Within the lines below, the span from the line with "Dorit Judaica Gold" to the line with "Bad Pyrmont to Alfeld (Leine) map", both ends included, is to be reproduced exactly, with pictures omitted.

AVAILABLE DATA START

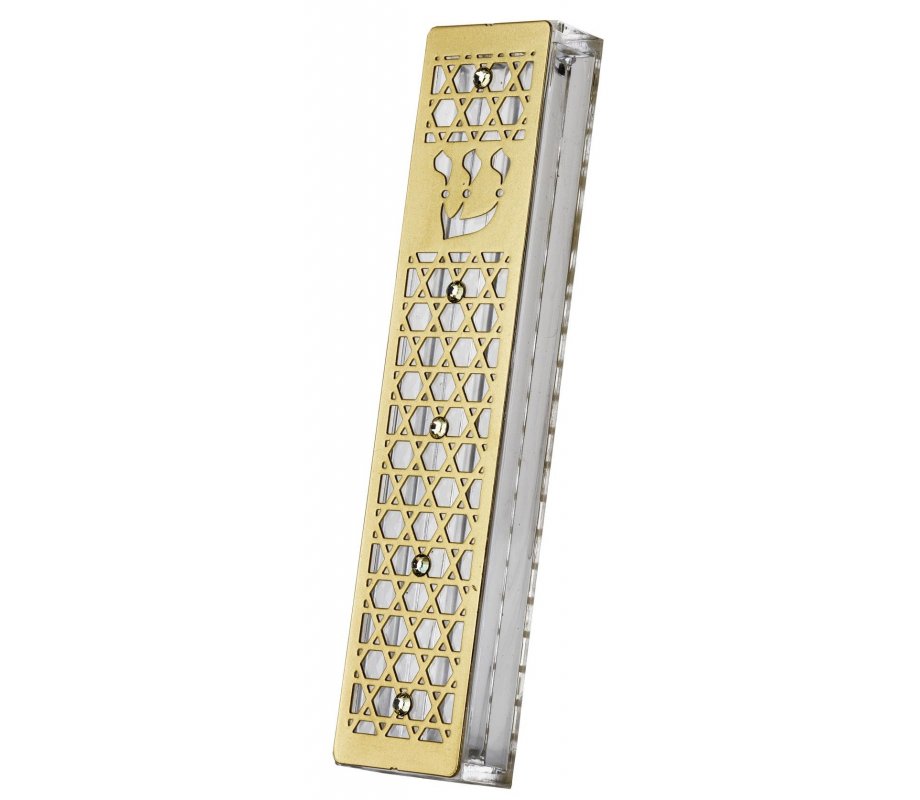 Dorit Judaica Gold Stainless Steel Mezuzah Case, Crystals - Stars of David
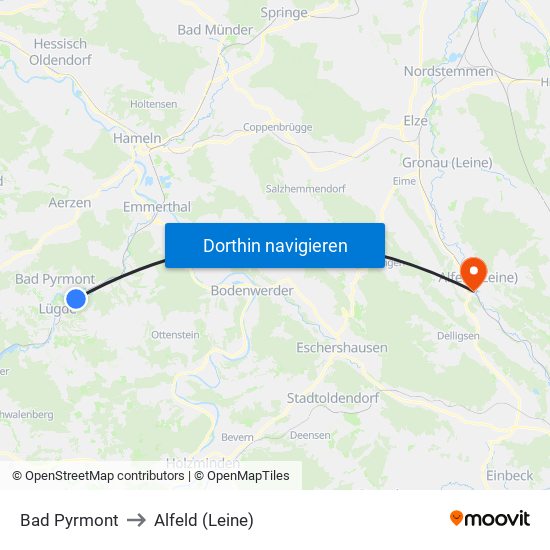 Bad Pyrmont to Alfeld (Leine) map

AVAILABLE DATA END
AVAILABLE DATA START

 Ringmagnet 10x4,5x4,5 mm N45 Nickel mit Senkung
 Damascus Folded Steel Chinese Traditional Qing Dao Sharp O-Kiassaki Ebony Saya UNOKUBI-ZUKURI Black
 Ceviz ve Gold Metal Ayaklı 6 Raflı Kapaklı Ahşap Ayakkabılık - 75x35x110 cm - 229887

AVAILABLE DATA END

** EXERCISE OUTPUT **
 Dorit Judaica Gold Stainless Steel Mezuzah Case, Crystals - Stars of David
 Bad Pyrmont to Alfeld (Leine) map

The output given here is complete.